▶ **What the exercise asks**: After locating "Peut inclure: Un" in the listing below, copy that line and each one after it exactly, ending with the line that has "Round Cut Cathedral".

▶ **Material supplied**:

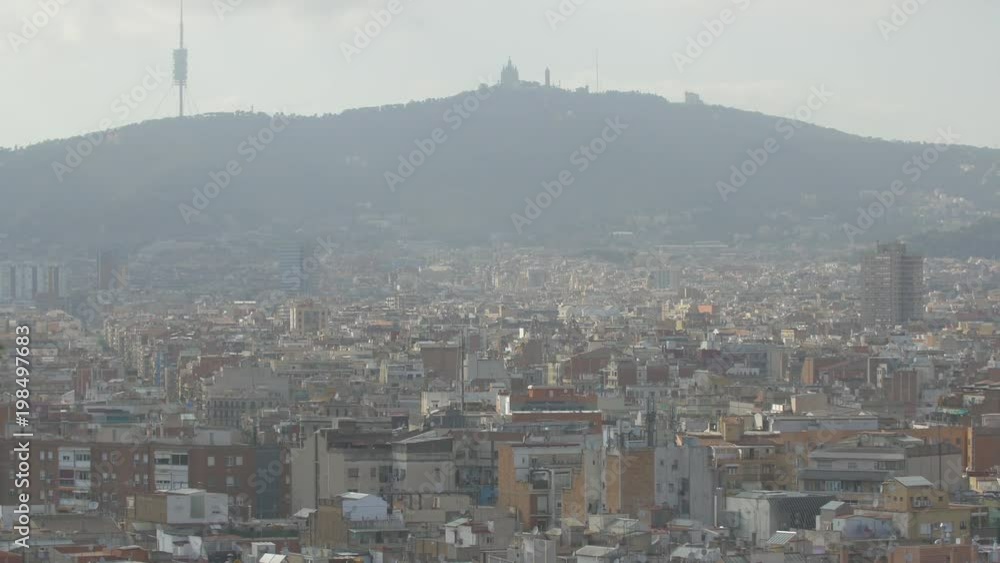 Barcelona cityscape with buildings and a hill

--

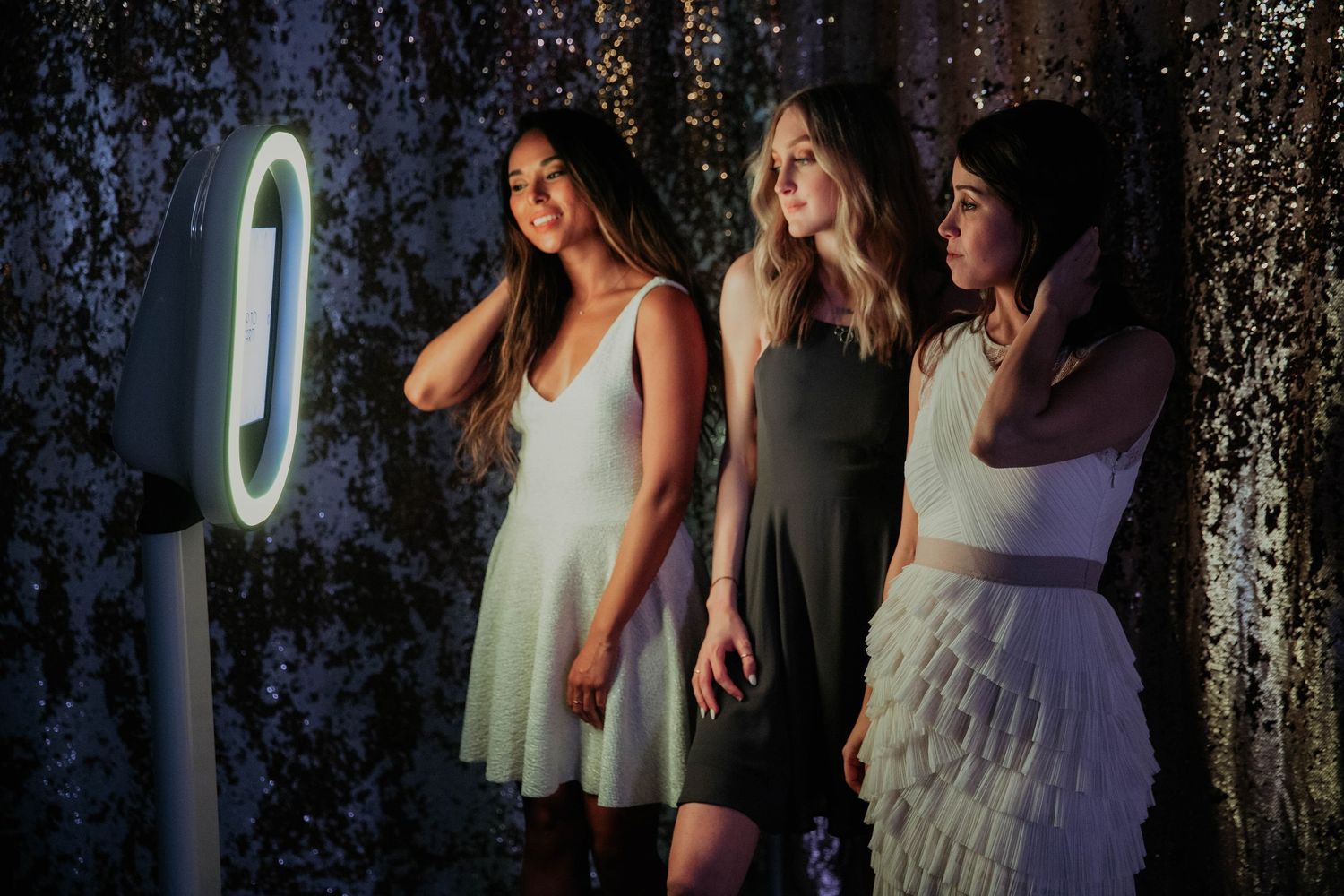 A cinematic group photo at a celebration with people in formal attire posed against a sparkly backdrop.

...

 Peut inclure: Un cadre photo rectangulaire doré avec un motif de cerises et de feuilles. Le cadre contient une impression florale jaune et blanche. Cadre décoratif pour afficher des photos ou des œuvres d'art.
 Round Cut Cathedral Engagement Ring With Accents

▶ **Answer for this exercise**:
 Peut inclure: Un cadre photo rectangulaire doré avec un motif de cerises et de feuilles. Le cadre contient une impression florale jaune et blanche. Cadre décoratif pour afficher des photos ou des œuvres d'art.
 Round Cut Cathedral Engagement Ring With Accents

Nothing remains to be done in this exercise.